What happens to a junior employee who violates company policy? They most definitely get the sack, no question about it. So, is this what happens to a senior executive who’s also in violation of the organization’s policy? At McDonald’s, it is.
On November 1, 2019, the fast-food corporation’s Board of Directors voted CEO Steve Easterbrook out with immediate effect for having a relationship with one of the organization’s employees. Although it was consensual, this was still a violation of the company’s policy, and having been at the helm, Easterbrook should have known better.
Via a statement released by the multinational conglomerate, it was revealed that the board regarded the relationship a demonstration of poor judgment on Easterbrook’s part.
While not sharing other details of the now-former CEO’s relationship, the company did announce Chris Kempczinski as his replacement. Kempczinski now serves as both President and CEO of McDonald’s.

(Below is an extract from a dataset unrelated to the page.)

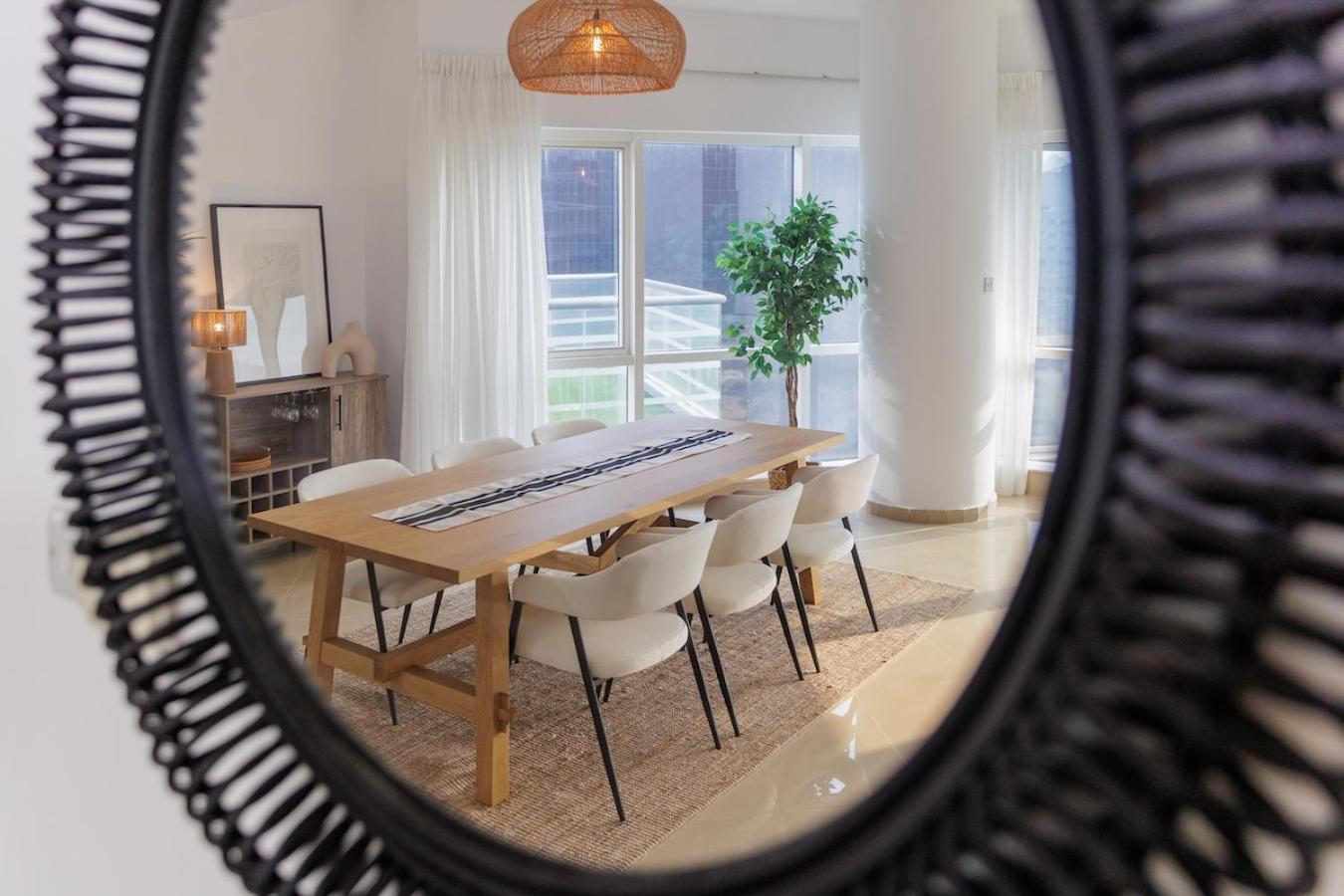 Serene Chic Flat 180 Degree & Marina Skyline View Dubai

Naturally, Easterbrook had to have some sort of reaction to the board’s decision. Writing an email to the company’s employees, he admitted that he had made a mistake while also accepting the decision by the board. As he put it, it was time for him to move on.
The 52-year-old rose to the CEO position in 2015, becoming the successor to Don Thompson. Before, Easterbrook oversaw the company’s operations in the United Kingdom and countries in Northern Europe, while also being the chief brand officer in this region.

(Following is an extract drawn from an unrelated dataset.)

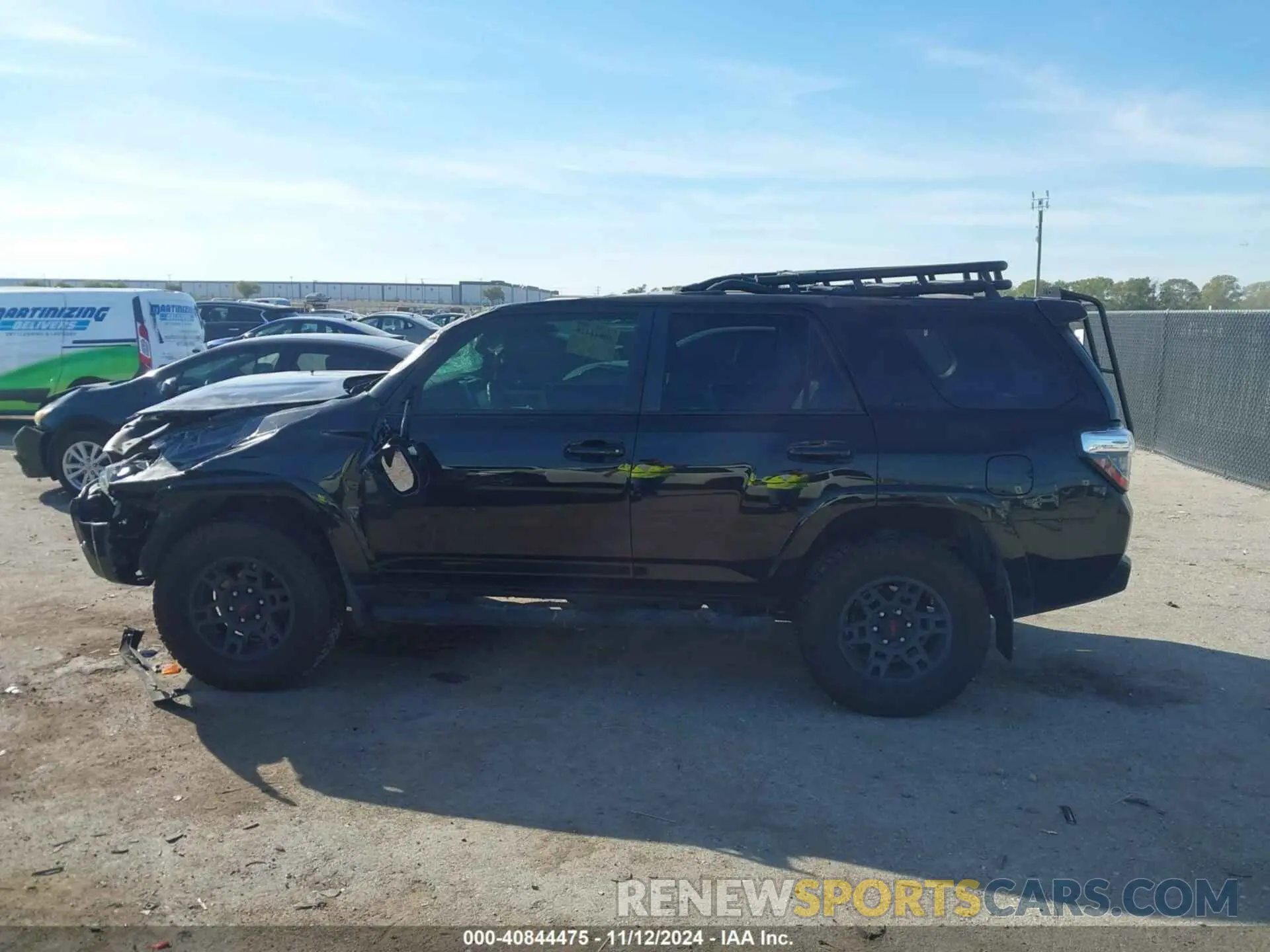 13 fotografías del automóvil dañado JTEZU5JR2L5224525 TOYOTA 4RUNNER 2020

Easterbrook and Kempczinski had a close and fruitful relationship, and working together, the two have overseen a significant McDonald’s turnaround.

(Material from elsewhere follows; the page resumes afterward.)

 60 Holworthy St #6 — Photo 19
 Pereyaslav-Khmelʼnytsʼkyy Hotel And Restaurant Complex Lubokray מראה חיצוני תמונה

With the latter as the President of all operations in the United States and the former as CEO, the company’s share has exhibited a 96% rise, now selling at $193.94 per share.
As you can see, Kempczinski is a natural replacement for Easterbrook, no wonder the board went with him. In an email sent to his employees, the new CEO admitted that he was excited over his new position, and was grateful that the board felt confident that he was the right man for the job.
He went on to recognize the employees as an integral part of the McDonald’s team, saying that it is he who is fortunate to have such talent for a team to work with as they strive to build on their brand.
Kempczinski’s replacement has also been named, with Joe Erlinger taking over the management of the 14,000 McDonald’s restaurants in the United States. Before taking over from the new CEO, Erlinger was the international operated markets president.
Despite his run at McDonald’s having come to an abrupt halt, one cannot deny that on the business front, everything Easterbrook did was in service to the company.
Under his watch, McDonald’s went big on franchising, with 90% of the restaurant locations now under franchise ownership.
Easterbrook’s strategy has led to maximized profits, but there’s nothing that always perfect, right? The company isn’t bringing in as much revenue as it would want to, especially in the third quarter of 2019. Earnings fell short of projected estimates, but knowing McDonald’s, they’ll certainly bounce back.
All large corporations have their share of challenges, and for a company that has been operational since 1940, you better believe that the folks at McDonald’s have perfected the art of beating these challenges.